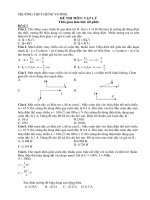 ĐỀ THI MÔN: VẬT LÝ TRƯỜNG THPT HÙNG VƯƠNG - Đề số 1 ppsx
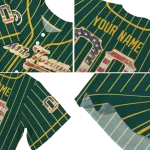 customized oakland athletics vertical stripes green jersey best selling
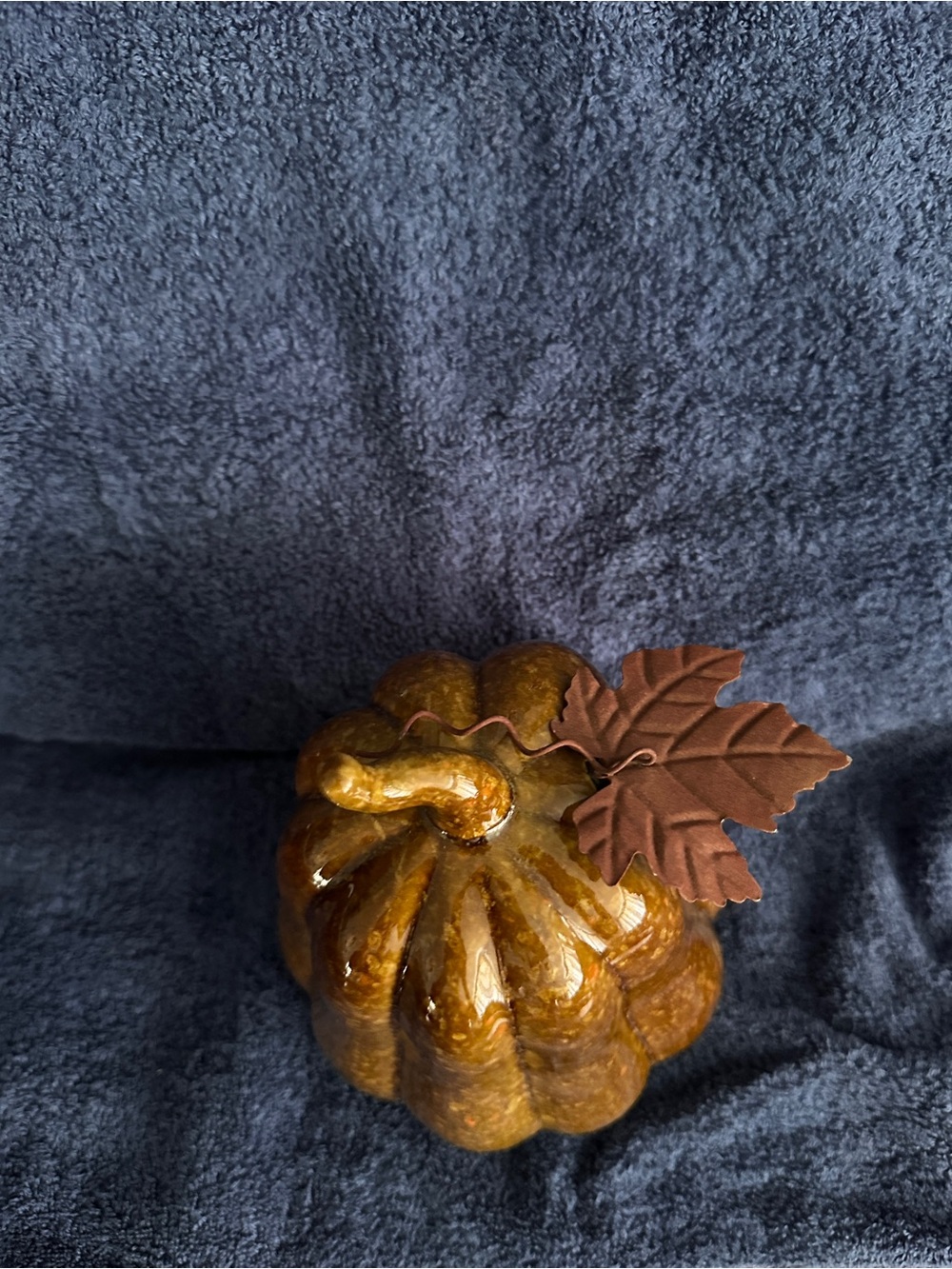Gold Ceramic Pumpkin Holiday Decor - Picture 2 of 5
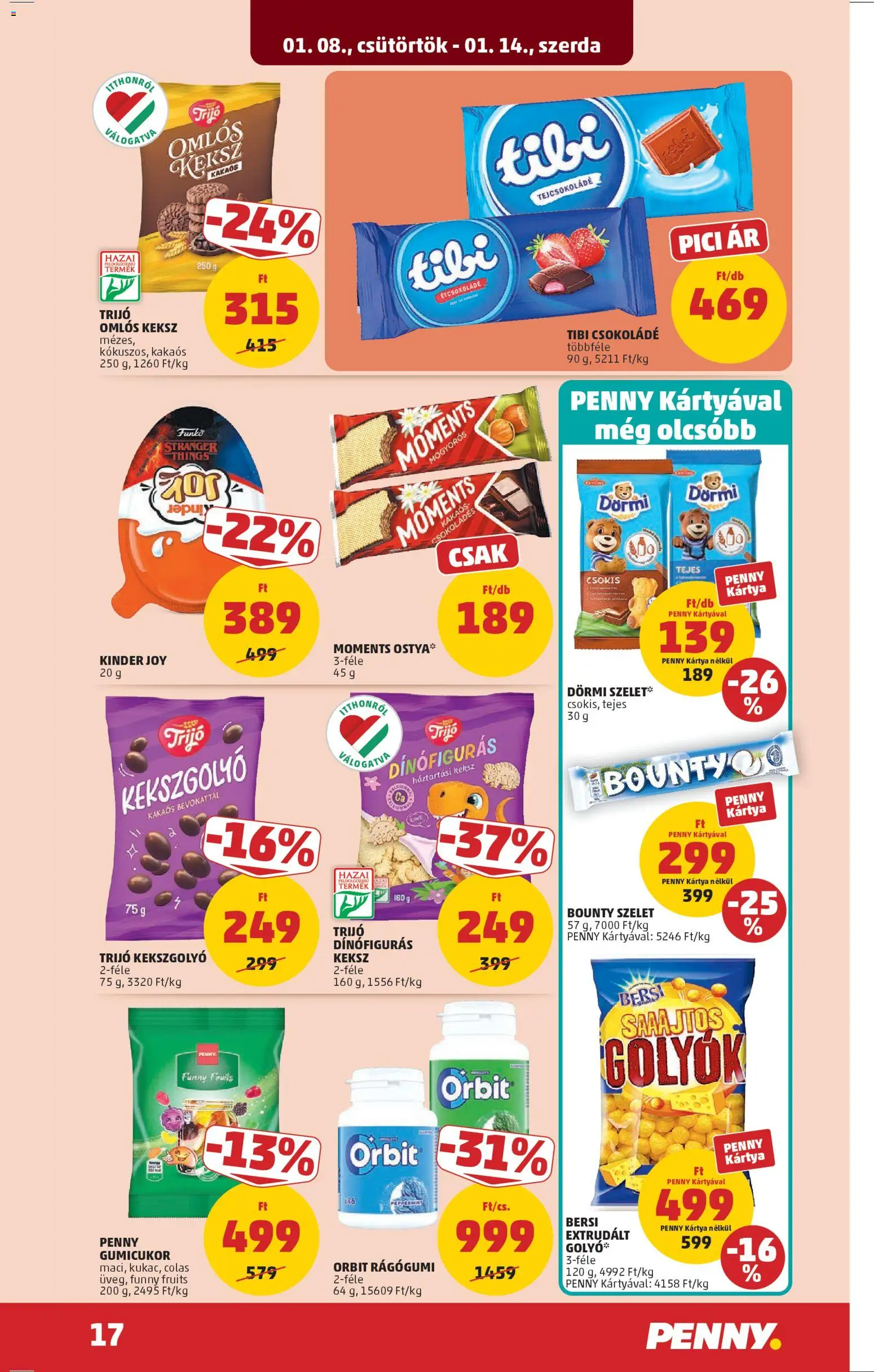 PENNY akciós ujság - amely érvényes a következő dátumtól: 08.01.2026 | Oldal: 21 | Termékek: Háztartási keksz, Gumicukor, Tejcsokoládé, Keksz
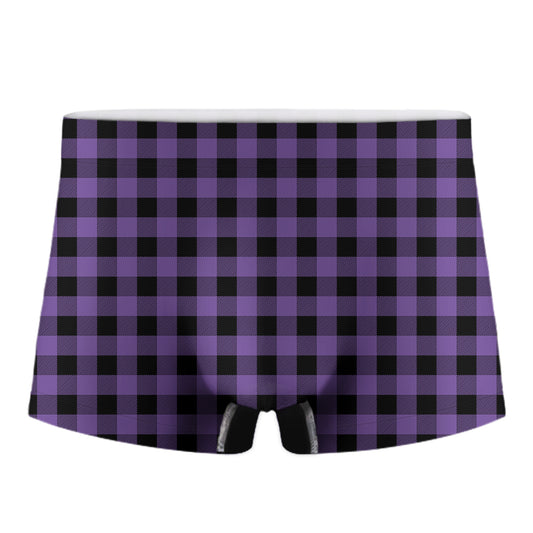 Purple And Black Buffalo Check Print Men's Boxer Briefs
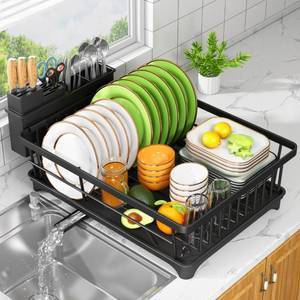 lot 13575 image: Kmiectse Dish Drying Rack - Space-Saving Small Dish Rack for Kitchen Counter, Rust-Resistant Kitchen Drying Rack, Compact Dish Drainer Organizer with Utensil Holder for Home Kitchen, Black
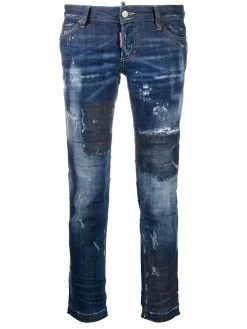 Dsquared2 jean crop à effet usé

⁂

PROBLEM DETAILS.
Pictures are not part of the copy; reproduce exactly and only the lines from the line containing "lot 13575 image: Kmiectse" through the end of the listing.

RESULT.
 lot 13575 image: Kmiectse Dish Drying Rack - Space-Saving Small Dish Rack for Kitchen Counter, Rust-Resistant Kitchen Drying Rack, Compact Dish Drainer Organizer with Utensil Holder for Home Kitchen, Black
 Dsquared2 jean crop à effet usé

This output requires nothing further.